A few videos/photos of bikes/scooters loading/unloading would help demonstrate all the options here , anyone got any. I have been laid up with a bad back for over three weeks now so I'm out.


----------



## nicholsong (May 26, 2009)

rayrecrok said:


> Hi.
> 
> How about one of these..
> 
> ...


Good one Ray 

Is there an 'A'- frame for it? :lol:

Geoff


----------



## tonka (Apr 24, 2006)

Now back home and have been able to catch up on this thread,,,

I may have a problem !! :? 

Just studied the paperwork that came with the Apache 700 and on the certificate of conformity under "masses" it states.

"Technically permissible maximum static vertical mass at coupling point " 100kg
I re-call that I did email Autotrail about this (but cant find the reply now !) and they stated that was the max downforce weight at the towball.... If that is correct then I am very limited to what I can use..
Having a re-think...


----------



## Mike48 (May 1, 2005)

That is correct. I have had a similar exchange with Swift. 

I have been posting on this issue until I'm blue in the face but have given up because there are many who seem intent on loading their motorhomes beyond the capabilty of the vehicle and are intent to rely on axle weights only. Some engineering companies seem to ignore vertical load and fail to advise purchasers of its significance.

My only hope is that nobody has an accident as the insurance company will not pay out and will hold the driver liable for driving a vehicle in an overweight state.


----------



## barryd (May 9, 2008)

IF your talking about a tow ball mounted rack then can you not get a chassis mounted rack?

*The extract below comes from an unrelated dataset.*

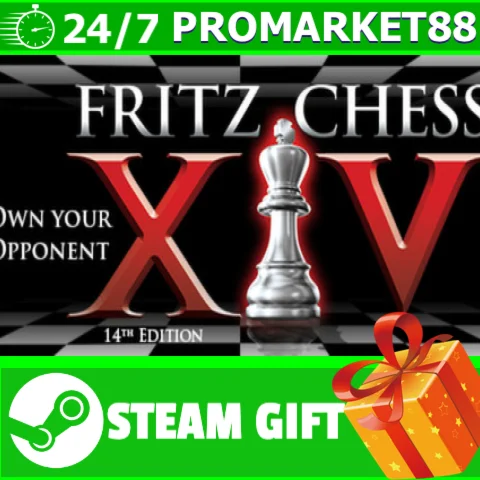 ⭐️ВСЕ СТРАНЫ+РОССИЯ⭐️ Fritz Chess 14 STEAM GIFT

Our rack was fitted by Armitage Trailers in Ferrybridge and will take 200KG. It took them 8 hours to fit it but they modify and build the rack into the Alko Chassis. Don't ask me how but its solid as a rock. Its rated to 200KG but obviously this would put the van payload over but it might be an answer.

Ill have a look and see if I have any photos of loading or off loading but not sure I have.


----------



## tonka (Apr 24, 2006)

barryd said:


> IF your talking about a tow ball mounted rack then can you not get a chassis mounted rack?
> 
> Ill have a look and see if I have any photos of loading or off loading but not sure I have.


I think the main implication is that the chassis extensions used on van's from about 2010 now have preset holes ready to take towbars. Mine is 3 fixing bolts on either side and so there is a weight limit placed on these extensions. Whereas maybe before, like on my old apache 700, nothing was ever mentioned and you had to trust the word of the towbar fitter.
I have seen some towbars where they have screwed supports off the towbar into the main floor of the van !!! Accidents waiting to happen..
The tow limit on my van is also limited and although a 4250kg vehicle it can only tow 1050kg, again I guess due to the chassis extensions..

Not ruling it out yet but being extra careful...


----------



## barryd (May 9, 2008)

tonka said:


> barryd said:
> 
> 
> > IF your talking about a tow ball mounted rack then can you not get a chassis mounted rack?
> ...


Ah. I see. I know when I did mine I talked at length to Armitage and they were pretty thourough about payloads and chassis etc.

Might be worth talking to them or Watlings I think is another one.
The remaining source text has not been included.